Data extracts:
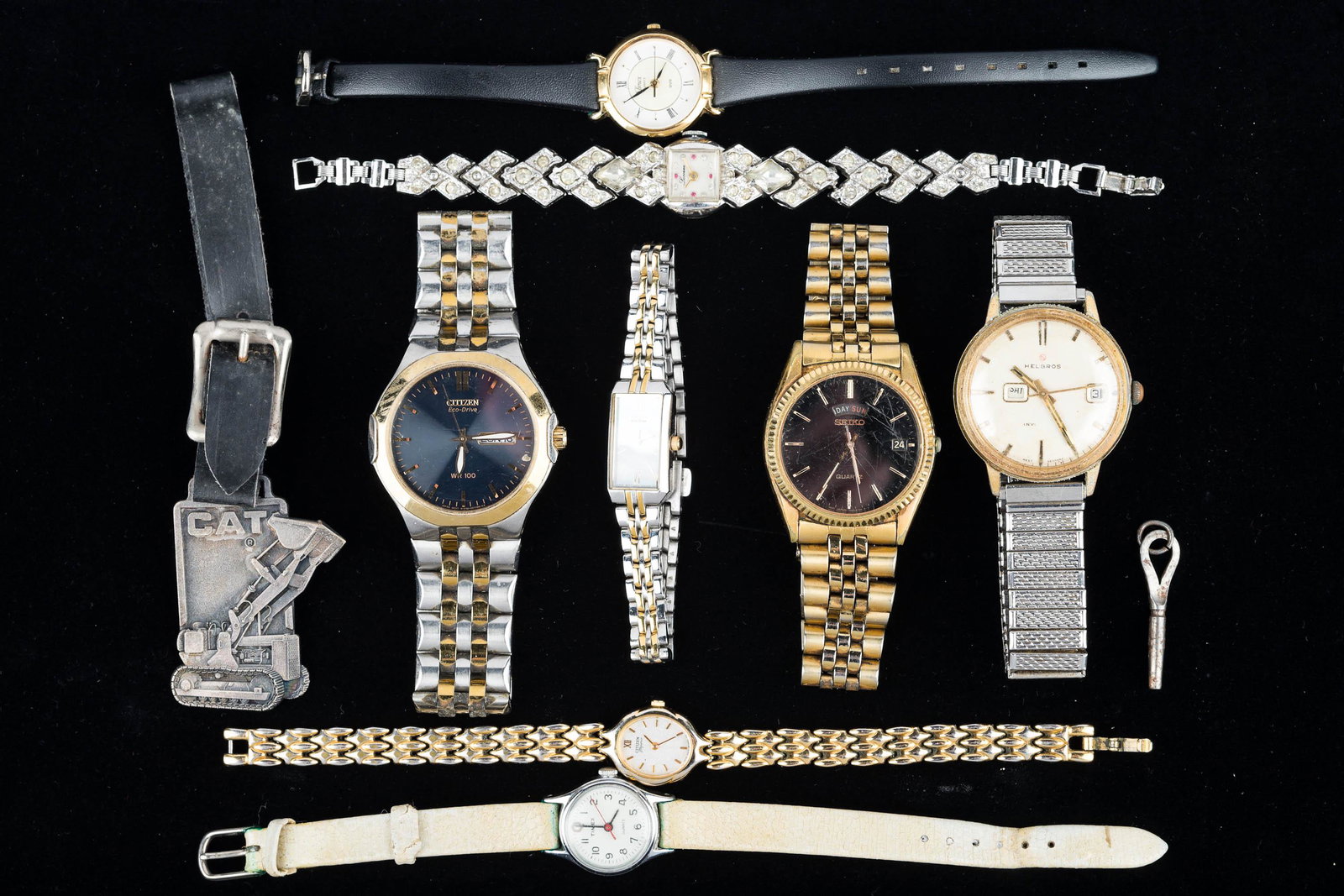 Watch Collection: Vintage to contemporary watches, including man's Citizen Eco Drive, and ladies Citizen Eco Drive, Seiko, Helbros, Caterpillar fob, and more.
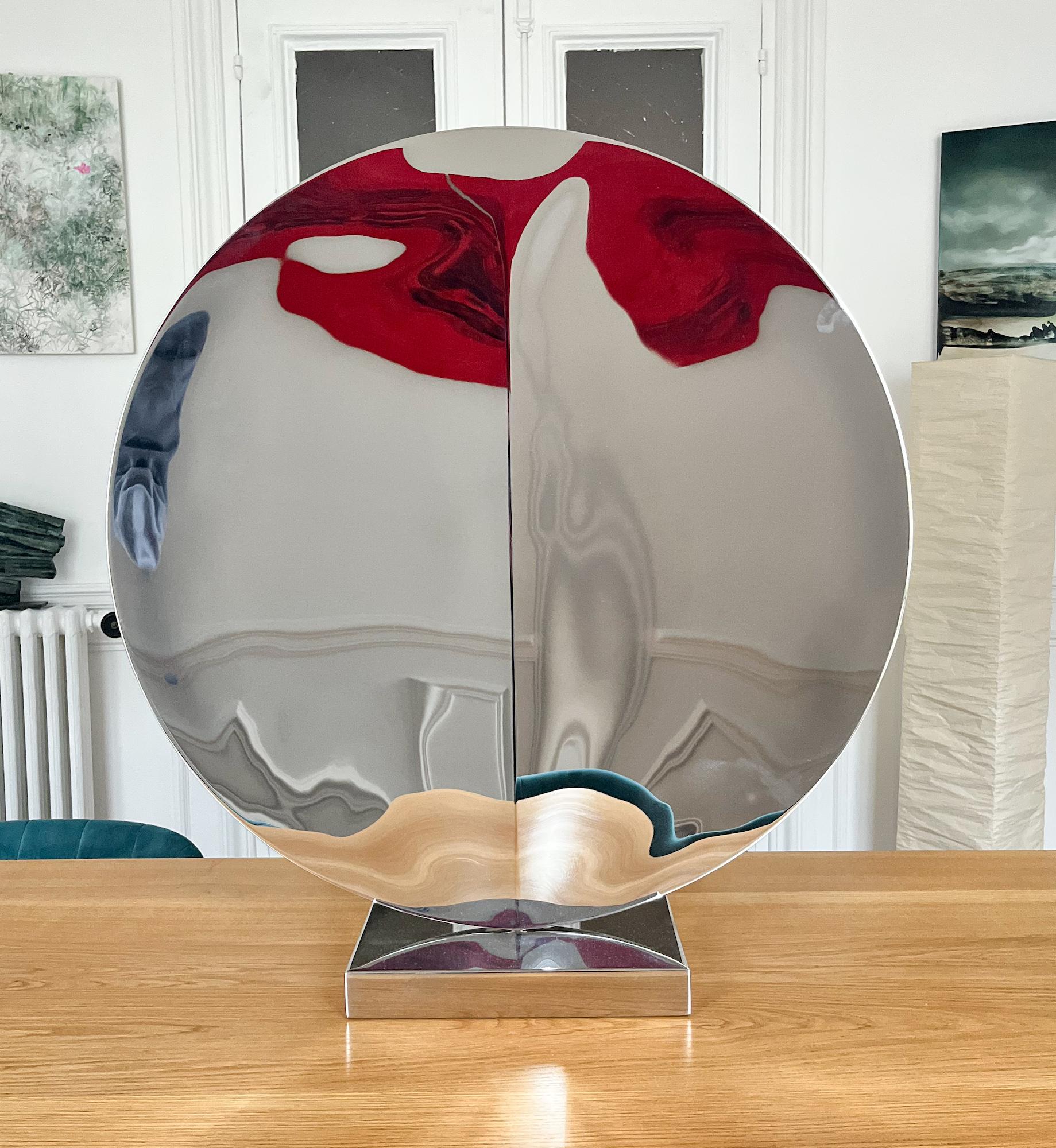 Miroir avec pli I de Franck K - Sculpture en acier inoxydable, reflet, lumière en vente 3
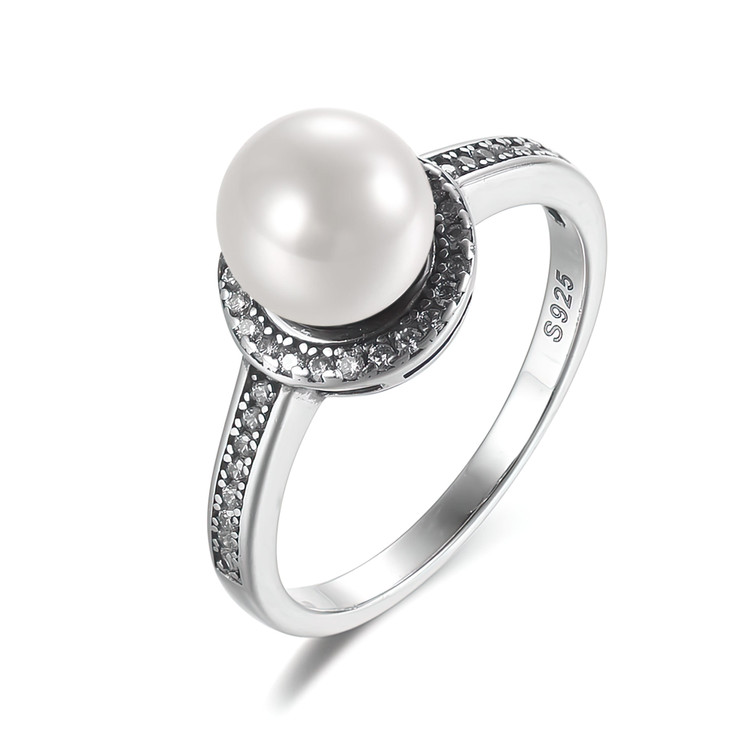 Round White Freshwater Pearl Halo Cocktail Ring in 0.925 White Sterling Silver (MDS230020)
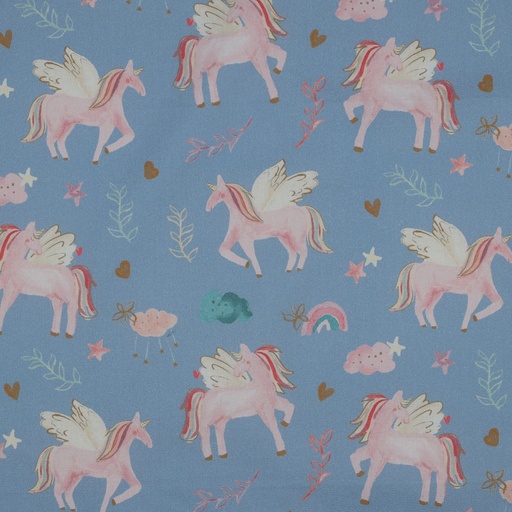 [VE-04084-002] Fine Poplin Digital Unicorns Light Blue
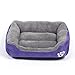 Barelove Rectangular Dog Cat Beds Mattress Washable Pads Room, Soft Winter Warm Plush Cotton Sleeping Fleece Bed Mat for Medium Doggy Puppy Anti-Slip Waterproof Bottom (Purple)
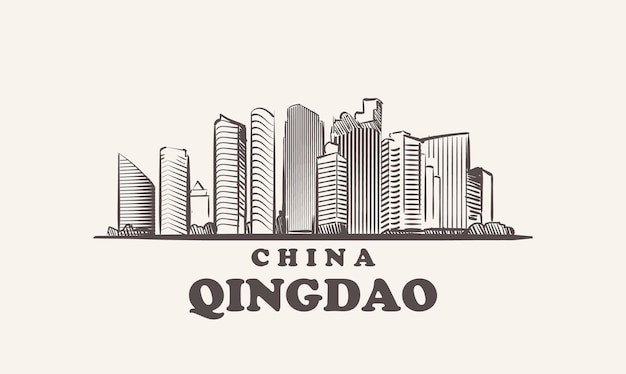 Esboço da cidade de qingdao com ilustração desenhada à mão na china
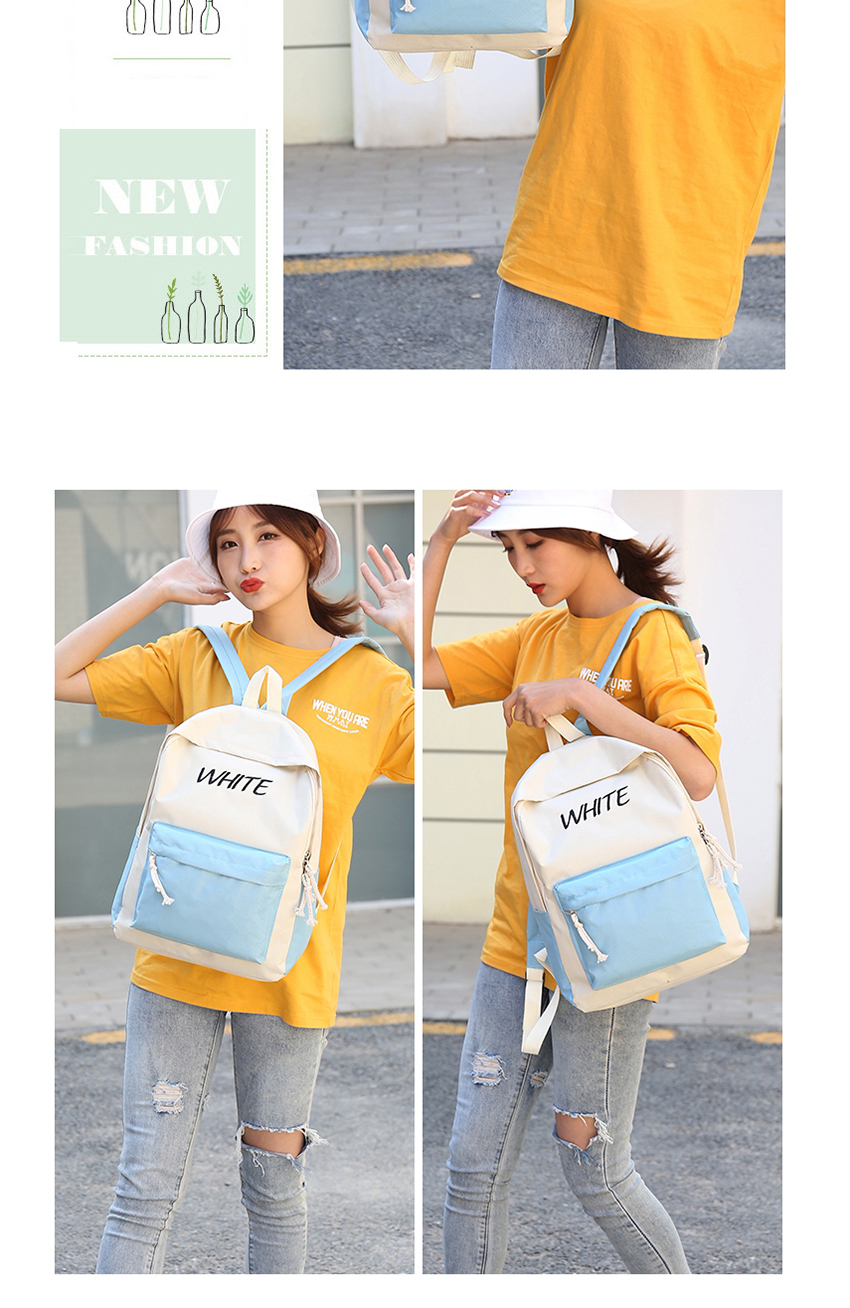 Fashion Blue With White Nylon Fabric Stitching Contrast Letter Backpack,Backpack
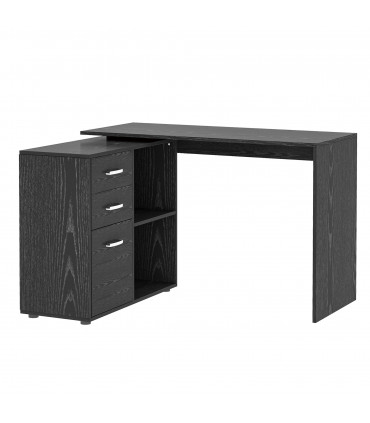 L Shape Computer Desk Workstation Home Office Drawer Shelf File Cabinet-Black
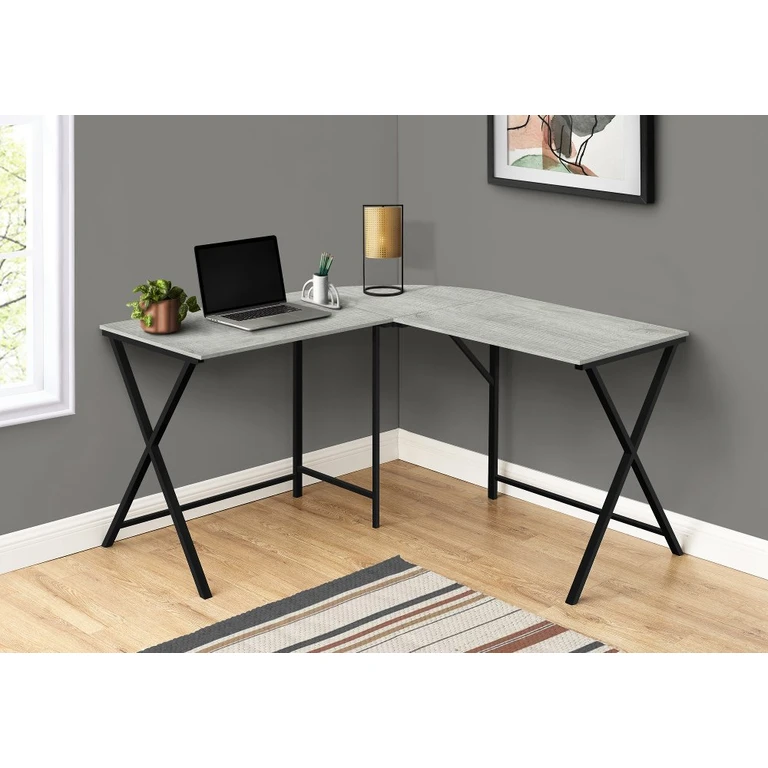 Contemporary Gray and Black L-Shaped Computer Desk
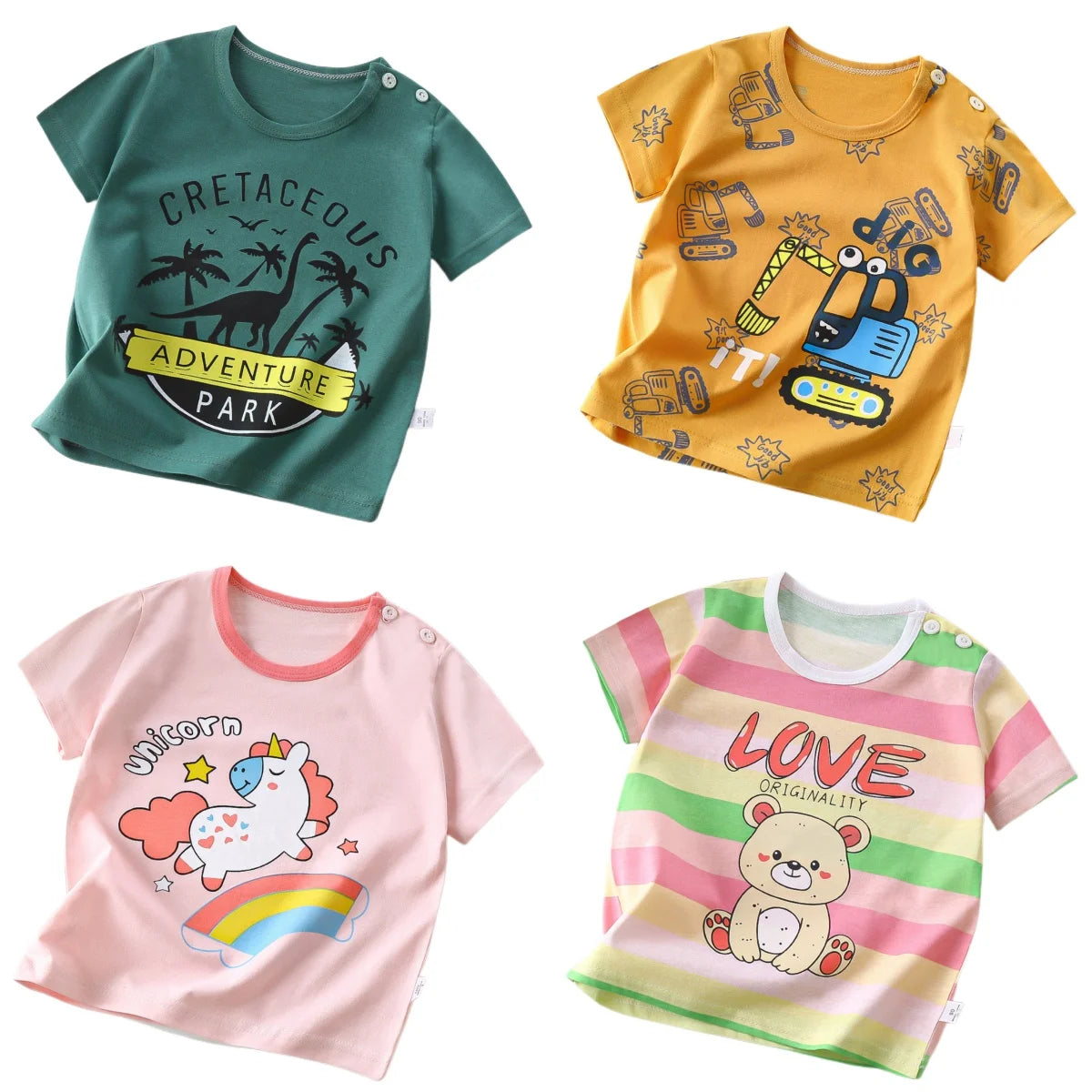 Bunte Kinder-T-Shirts mit fröhlichen Motiven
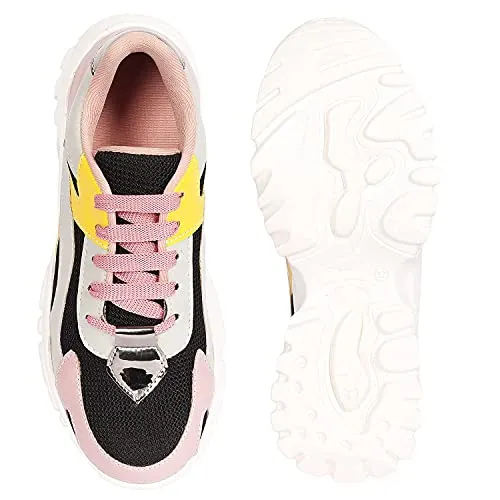 ZAPATOZ Women's Stylish Lightweight | Casual Shoes | Sneakers Black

Task description: Copy exactly the lines from the one containing "Fashion Blue With" through the last line of the records above, including both, and omit every picture.

Answer to the exercise:
 Fashion Blue With White Nylon Fabric Stitching Contrast Letter Backpack,Backpack
 L Shape Computer Desk Workstation Home Office Drawer Shelf File Cabinet-Black
 Contemporary Gray and Black L-Shaped Computer Desk
 Bunte Kinder-T-Shirts mit fröhlichen Motiven
 ZAPATOZ Women's Stylish Lightweight | Casual Shoes | Sneakers Black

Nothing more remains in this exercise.